* Action item:
Retype the lines below exactly, but only those from the line that has "BodyHealth Sleep, Sleep" through the line that has "Gabriele Sleeveless Top (Spot Print Brown)". Omit every picture.

* Data extract:
▼
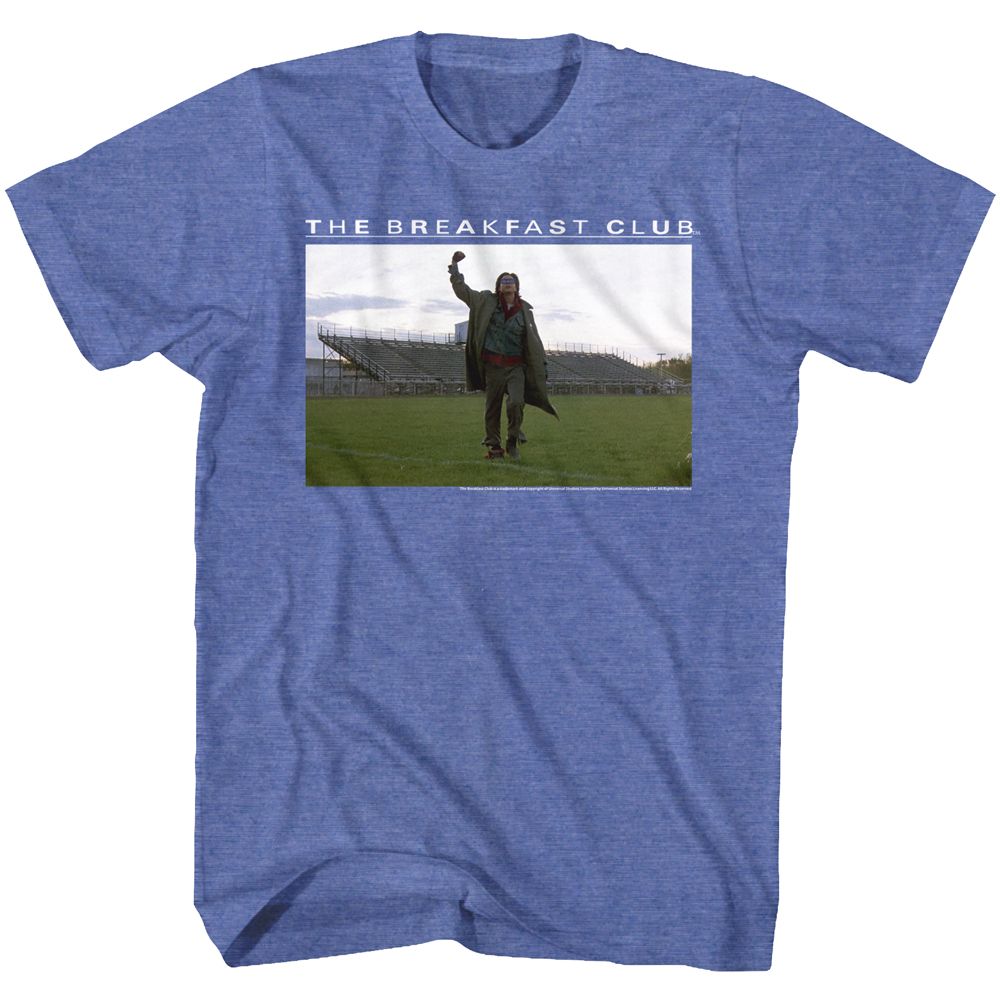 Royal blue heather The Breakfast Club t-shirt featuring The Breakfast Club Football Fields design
▲
▼
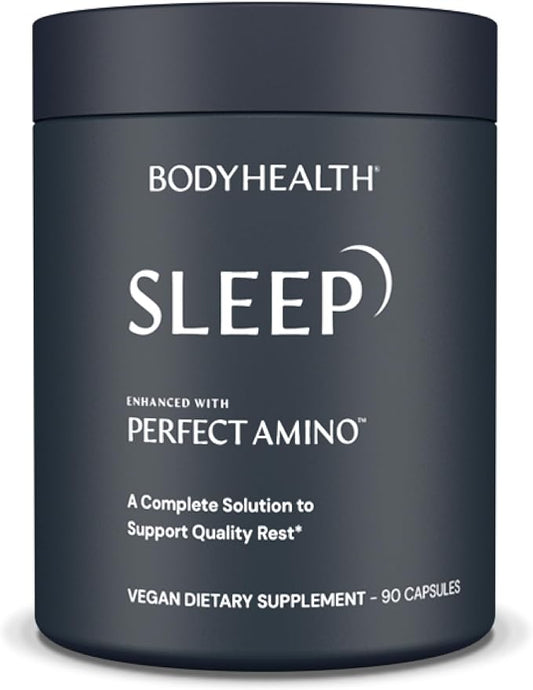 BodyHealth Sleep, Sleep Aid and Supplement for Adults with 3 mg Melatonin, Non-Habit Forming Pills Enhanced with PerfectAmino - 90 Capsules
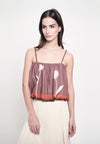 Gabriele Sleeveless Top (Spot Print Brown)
▲
▼
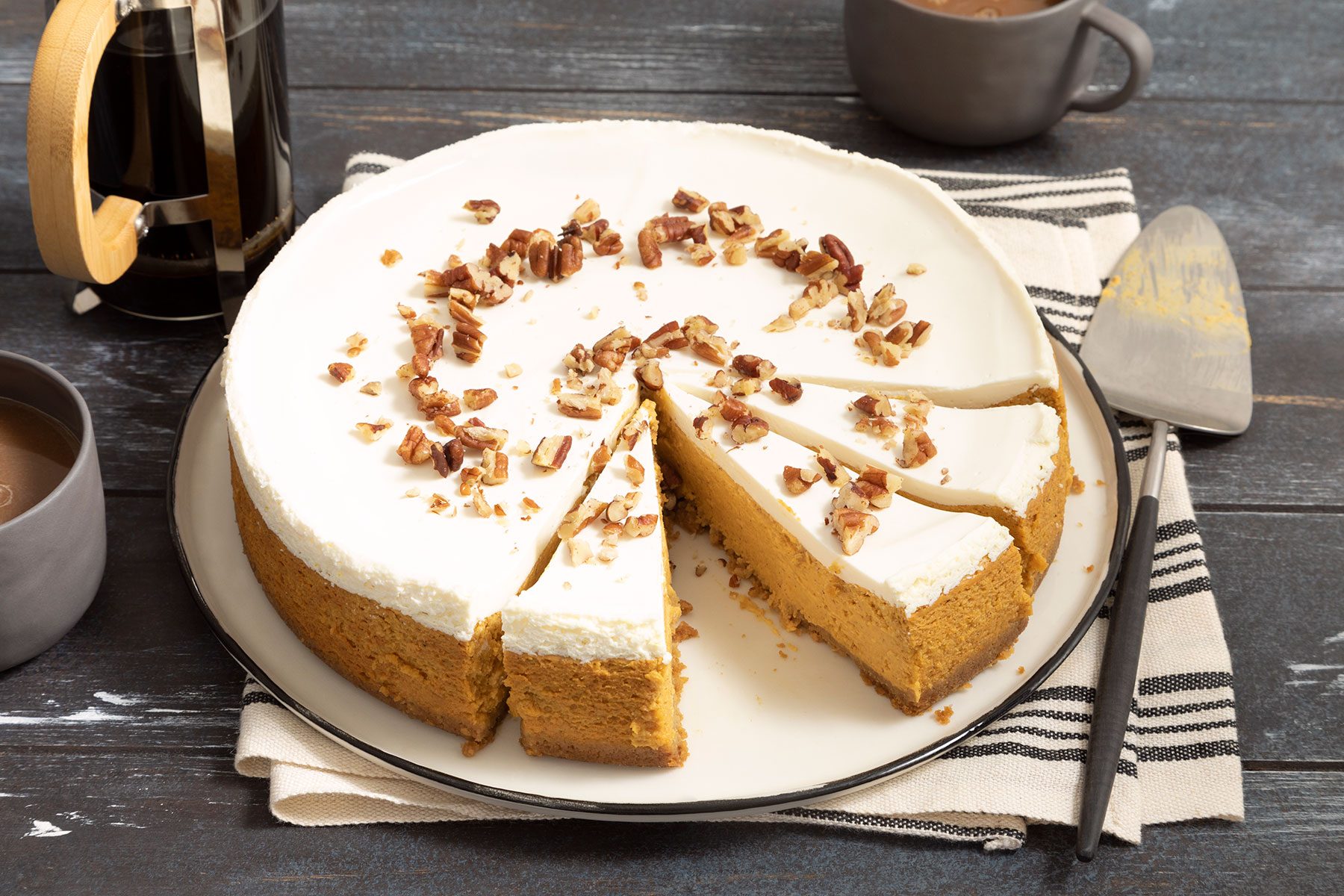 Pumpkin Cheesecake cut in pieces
▲
* Solution for this exercise:
 BodyHealth Sleep, Sleep Aid and Supplement for Adults with 3 mg Melatonin, Non-Habit Forming Pills Enhanced with PerfectAmino - 90 Capsules
 Gabriele Sleeveless Top (Spot Print Brown)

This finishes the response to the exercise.